The problem is about constructing and solving a recurrence relation for the salary of a B.Tech graduate, who starts with an initial salary of ₹50,000 and has a specific salary growth rule.

Problem Breakdown:

• Initial salary (Year 1): ₹50,000.
• Salary increment rule:
  • At the end of each year, the salary doubles compared to the previous year.
  • Additionally, there is a fixed increment of ₹10,000 for each year worked.

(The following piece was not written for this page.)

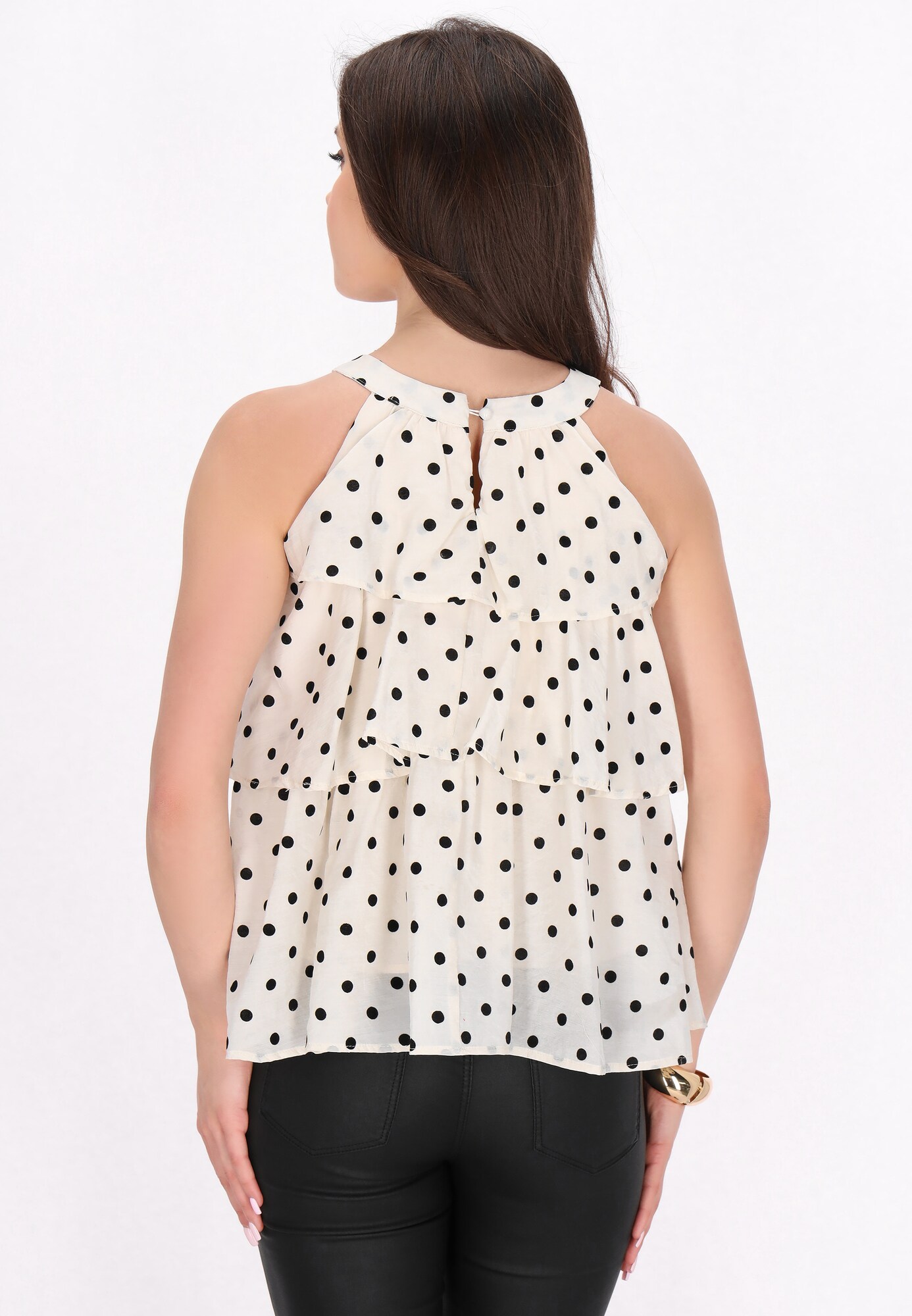 Thumbnail - faina Top Fashion Look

Recurrence Relation Setup:

Let $S_n$ represent her salary at the end of the $n$-th year.

• Base case: $S_1 = 50,000$
• Recurrence relation: According to the problem, at the end of each year:
  • Salary doubles: $2S_{n-1}$
  • Plus a fixed increment of ₹10,000 for each year worked.

Thus, the recurrence relation becomes: $S_n = 2S_{n-1} + 10,000$ Where $S_1 = 50,000$.

Solving the Recurrence Relation:

We now need to solve this recurrence relation to find a general formula for $S_n$.

Let me solve this step-by-step for the salary in the $n$-th year.The solution to the recurrence relation is:

$S_n = 30,000 \cdot 2^n - 10,000$

This formula represents the salary at the end of the $n$-th year.

• For $n = 1$, it simplifies to the initial salary: $S_1 = 30,000 \cdot 2^1 - 10,000 = 50,000$
• For larger $n$, you can use this formula to calculate the salary after any given year.

Do you want further details or clarifications? Here are some related questions to explore:

1. What will the salary be at the end of the 5th year?
2. How does the salary growth compare if the fixed increment was ₹15,000 instead of ₹10,000?
3. How would the salary change if the initial salary was ₹40,000 instead of ₹50,000?
4. Can the recurrence relation be solved using other methods like iteration?
5. How would the recurrence relation look if the salary increased by 150% instead of doubling?

Tip: You can check how rapidly the salary grows by substituting different values of $n$ into the formula.